New York City Mayor Eric Adams condemned the protest in a statement on Thursday, highlighting the city’s Jewish population. “Let me be very clear: I condemn, in the strongest possible terms, any protest that calls for an ‘intifada revolution,’ which is a call for violence against the Jewish State of Israel,” Adams said. “I know the conflict in the Middle East has left many of us grieving and angry, and while New Yorkers have every right to express their sorrow, that heartbreak does not give anyone the right to harass or threaten others, to physically harm anyone, or to trespass on private property.”
The protest came just days after Barnard expelled two students for disrupting a History of Modern Israel class at Columbia University. The students, reportedly masked and clad in kaffiyehs, entered the classroom, passed out flyers reading “Crush Zionism,” and banged on drums.

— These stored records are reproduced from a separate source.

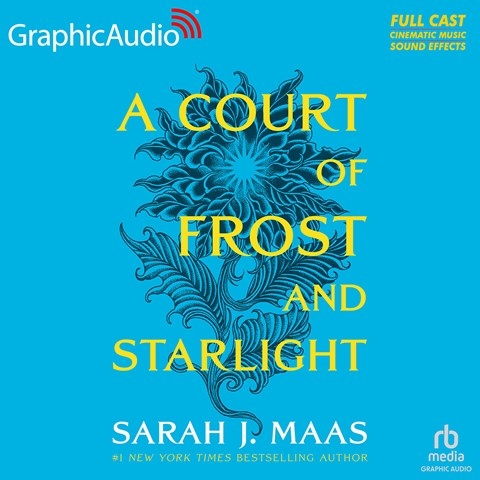A COURT OF FROST AND STARLIGHT by Sarah J Maas Audiobook Review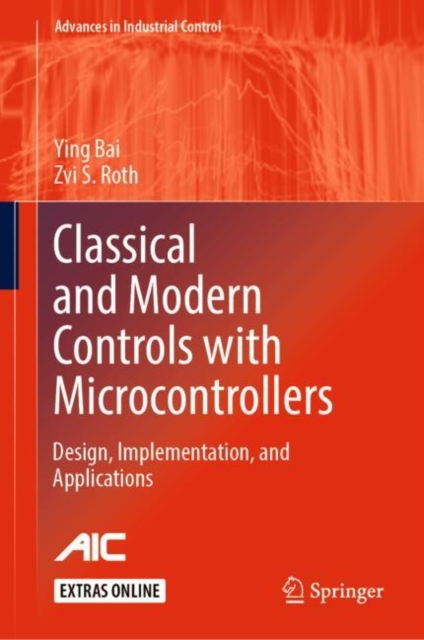 Classical and Modern Controls with Microcontrollers : Design, Implementation and Applications, EPUB eBook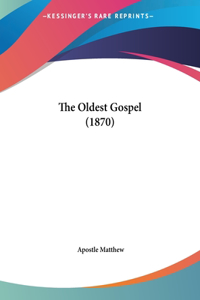 The Oldest Gospel (1870)
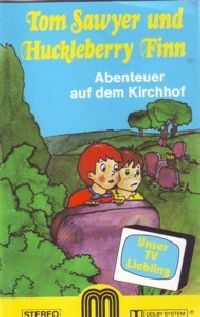 Tom Sawyer und Huckleberry Finn - MC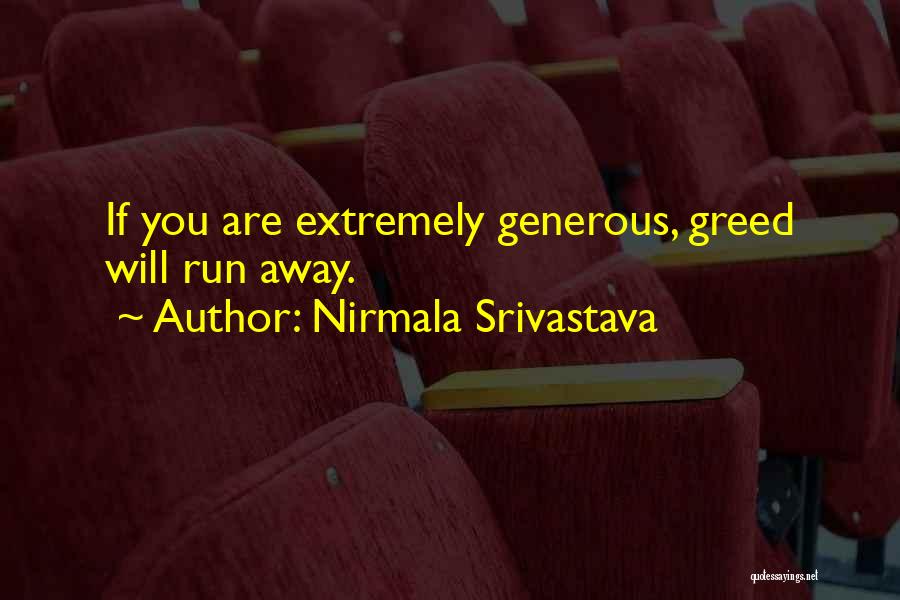 Extremely Love Quotes By Nirmala Srivastava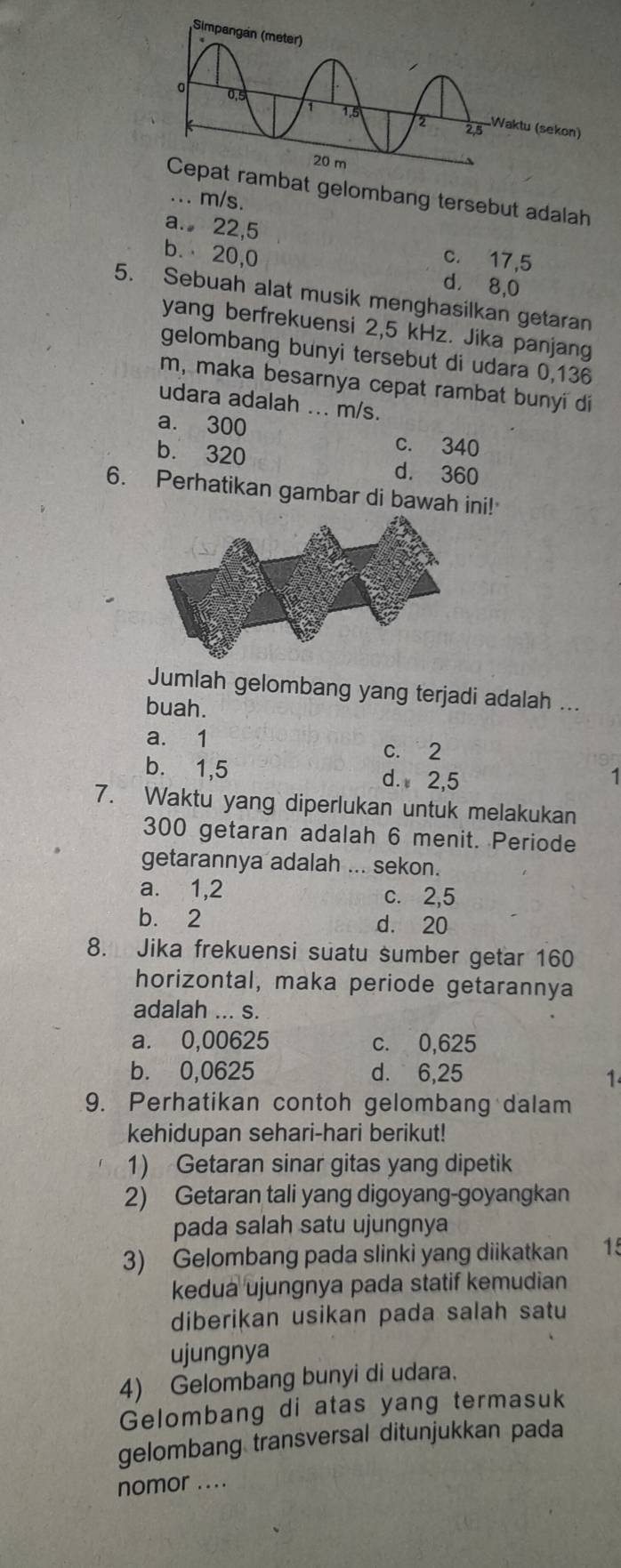 mbat gelombang tersebut adalah
... m/s.
a. 22, 5 c. 17,5
b. 20, 0 d. 8, 0
5. Sebuah alat musik menghasilkan getaran
yang berfrekuensi 2,5 kHz. Jika panjang
gelombang bunyi tersebut di udara 0,136
m, maka besarnya cepat rambat bunyi di
udara adalah ... m/s.
a. 300 c. 340
b. 320
d. 360
6. Perhatikan gambar di bawah ini!
Jumlah gelombang yang terjadi adalah ...
buah.
a. 1
c. 2
b. 1,5 d. 2,5
1
7. Waktu yang diperlukan untuk melakukan
300 getaran adalah 6 menit. Periode
getarannya adalah ... sekon.
a. 1, 2 c. 2,5
b. 2 d. 20
8. Jika frekuensi suatu sumber getar 160
horizontal, maka periode getarannya
adalah ... s.
a. 0,00625 c. 0,625
b. 0,0625 d. 6,25
1
9. Perhatikan contoh gelombang dalam
kehidupan sehari-hari berikut!
1) Getaran sinar gitas yang dipetik
2) Getaran tali yang digoyang-goyangkan
pada salah satu ujungnya
3) Gelombang pada slinki yang diikatkan 15
kedua ujungnya pada statif kemudian
diberikan usikan pada salah satu
ujungnya
4) Gelombang bunyi di udara.
Gelombang di atas yang termasuk
gelombang transversal ditunjukkan pada
nomor ....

Their expulsion has sparked renewed debate over the limits of campus protest.
Since the start of the war between Hamas and Israel on Oct. 7, 2023, pro-Palestinian and pro-Israel demonstrations have erupted on campuses across the United States, leading to clashes, administrative crackdowns and national political scrutiny. At elite universities like Columbia, Harvard, and the University of Pennsylvania, student activism has prompted resignations of top administrators, congressional hearings on antisemitism, and donor threats to pull funding.
At Columbia, the university’s president resigned unexpectedly mid-August, just before the academic year started, citing the toll on her family of criticism she faced for her handling of campus unrest, including antisemitism investigations, divided faculty and administrators, encampments, a siege of Hamilton Hall, and the cancellation of a traditional graduation ceremony. Born in Egypt, Minouche Shafik was the university’s first president of color, the first female president, and had the shortest tenure — just over a year — of any Columbia president in over 200 years.
Many Jewish students have reported feeling increasingly unsafe on campus, while Palestinian and Muslim students have accused Columbia and other schools of suppressing their right to protest.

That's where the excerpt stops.